In the future, producing companies and energy operators will increasingly use low-carbon and renewable electricity. The advantage of the “green” electricity is counteracted by one disadvantage: It occurs in varying quantities because raw material sources such as sun and wind fluctuate. This means that both energy supply and production must adapt to the changing boundary conditions. Large systems in continuous operation are no longer the status quo. Rather, modular production systems are needed that can be flexibly and efficiently adapted to changing customer orders, production volumes and the availability of energy and raw materials.
Platform for Process Dynamics in the Ruhr metropolitan region
This is where the Fraunhofer Institute for Environmental, Safety, and Energy Technology UMSICHT comes in as coordinator of the DYNAFLEX® High Performance Center. Together with the three Ruhr district-based universities of Bochum, Duisburg-Essen and Dortmund and industrial partners, the institute investigates the dynamics of technical systems scientifically and application-oriented in order to optimize the overall system of the future and to predict the effects of fluctuations on production and energy supply.

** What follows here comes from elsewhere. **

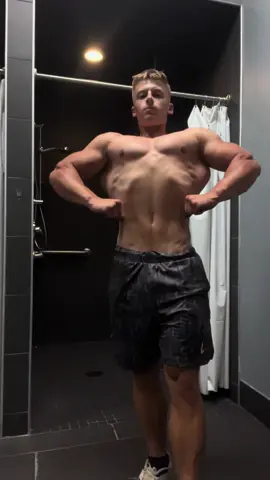 Hit ur legs #gym #fyp 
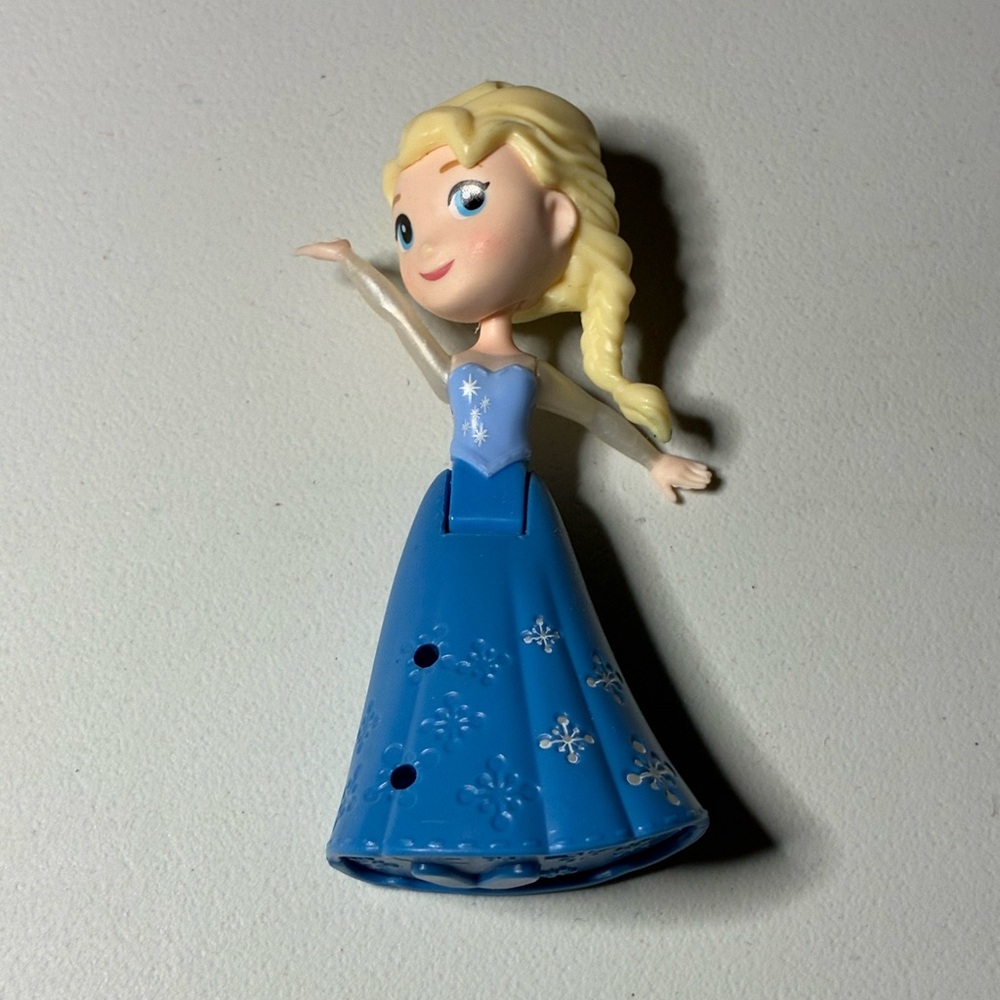 Disney frozen Elsa figure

“The goal is to build the leading platform for process dynamics and adaptivity in the energy transition and raw materials shift in the Ruhr metropolitan region with a network of science and industry”, explains Prof. Görge Deerberg, Head of the High Performance Center and Deputy Director of Fraunhofer UMSICHT. The long-term aim is a cooperation with industry that allows for the methods to be tested and used in implementation projects. Potential partners are companies from the energy, production, chemistry, biotechnology, and plant construction sectors. Additionally, the research results will be passed on by partner universities and the Fraunhofer Academy, the further education institution of the Fraunhofer-Gesellschaft, directly to the next generation of scientists and for further education to professionals and employees. Internationally visible research, joint R&D roadmaps, digital business models as well as new aspects of teaching and further education form the basis of a long-term strategic partnership between science and industry.
Concrete milestones
In concrete terms, this means: “We are for instance developing a toolbox to store outstanding scientific methods in the field of process dynamics, e.g. for dynamic balancing, analysis or modeling and we are building a structure-forming networking platform for the formation of regional science clusters. All stakeholders should be able to exchange and utilize expert knowledge on this platform and use it to inform themselves about the topic and thus contribute to an open, interdisciplinary cooperation in simulation”, explains Dr. Georg Janicki, Project Management.

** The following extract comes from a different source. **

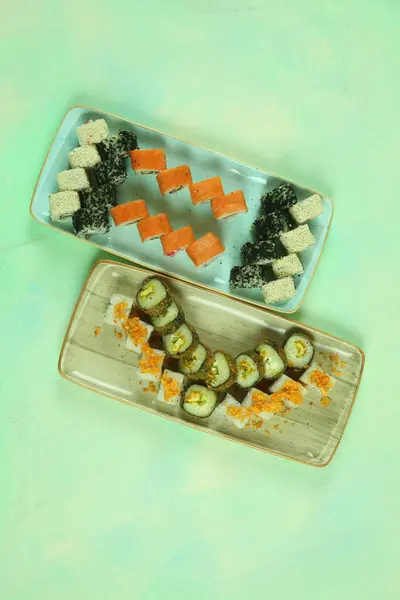 Různé druhy sushi sloužil, detailní pohled — Stock fotografie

The researchers are also developing new business models and operating concepts for the energy industry and production. This will facilitate the required optimization of industry’s Verbund sites, for example in order to coordinate energy supply and energy needs of decentralized productions. Solutions are developed using simulation models, so that energy technology machines and processes retain their functionality for several years, despite highly volatile boundary conditions.
Competitiveness
“With DYNAFLEX® we are advancing the energy transition and raw materials shift.. We deliver the scientific and application-oriented developments required to understand the dynamics of technical systems, which in turn increases the flexibility and adaptability of processes and technologies and thus ensure their competitiveness”, explains Prof. Görge Deerberg.
What does dynamic, adaptive and flexible mean?
Dynamic means that many dependencies and processes vary greatly over time, i.e. they are no longer constant and always the same. For example, in the future, buffers must be built into processes so that reactions do not come to a standstill when electricity fluctuates. Processes, machinery and devices must be designed to adapt to slightly changing boundary conditions, so that they are still usable in the long term and, if necessary, can be operated with different requirements, such as a changed supply situation (energy, raw materials). Additionally, future production systems must be flexible: Smaller, modular systems are for instance flexible in terms of capacity, variety of raw materials to be processed, and the different products that they are meant to produce.